What can we do if we see a close friend, family member or colleague showing symptoms of gaslighting?  The most important thing is to listen, show compassion and tell them where to get help. We should not try to give advice about what to do.  What help would it be to say “Just leave“ if we don’t know what is really going on in the relationship?  It is important to understand that the victim cannot change the perpetrator, only his or her own behaviour and attitude towards the abuser. Kim Harvey (IFAD Nurse) shared a poster by the medical service with useful addresses and phone numbers of where to get help. It  will be posted at various locations in IFAD. For Rome-based male victims, she also suggested to approach the Centro Uomini Maltrattanti.



Mame Adama Diagne, Director of Ethics said that IFAD as an organization had a responsibility to care for its staff and prevent abuse. Dr Hayford Etteh (medical adviser) highlighed how important it was to involve more men who are not only perpetrators, but also victims of violence.
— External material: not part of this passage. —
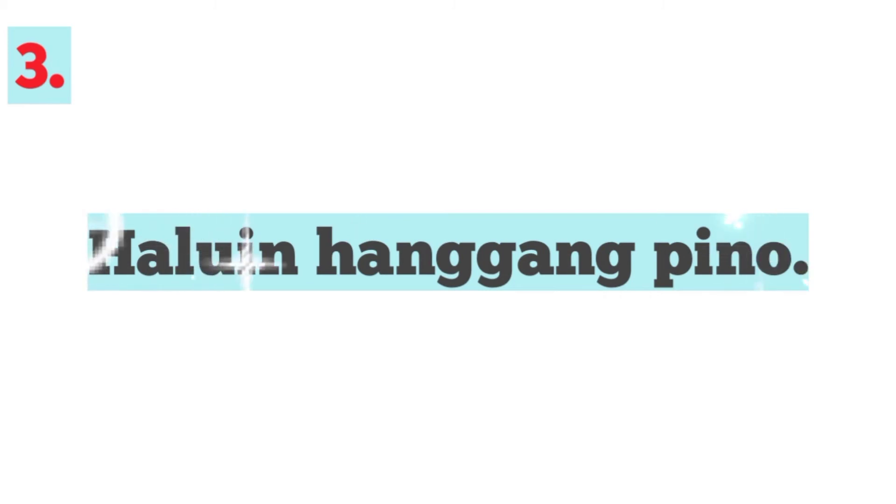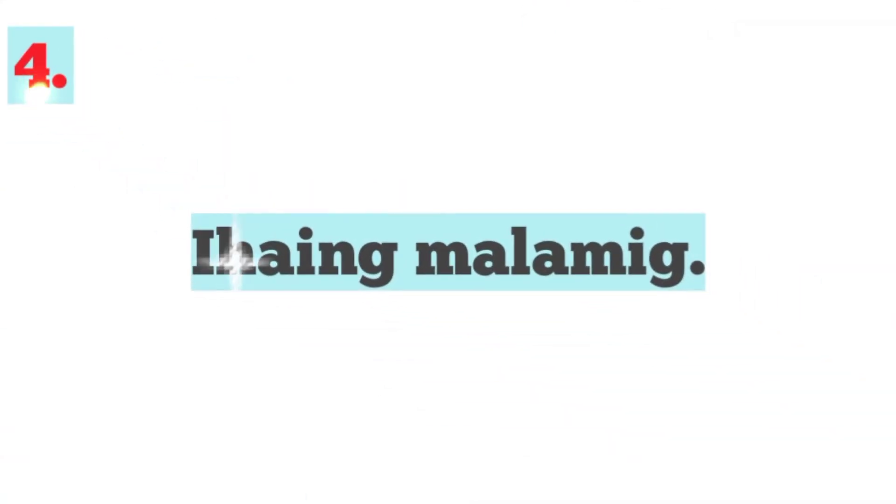Pangatlo, haloin hanggang pino. At pang-apat, hiyaing malamig.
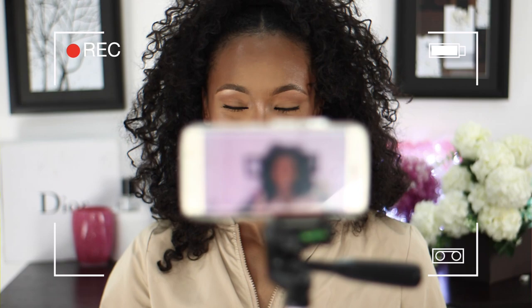Hey guys, welcome back to my channel. In this video I'm going to show you guys how to record your videos using your mobile phone. If you are interested, then definitely do keep on watching.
Participants also discussed how gender-based violence women is a global phenomenon that knows no borders.  It can affect rich and poor and occur at any stage in our lives. We may witness it ourselves, or with our loved ones,  our sisters, mothers, wives, partners, daughters, friends and colleagues.   Most important is not to let it happen!  We invite all to support the 16 Days of Activism against Gender-Based Violence Campaign.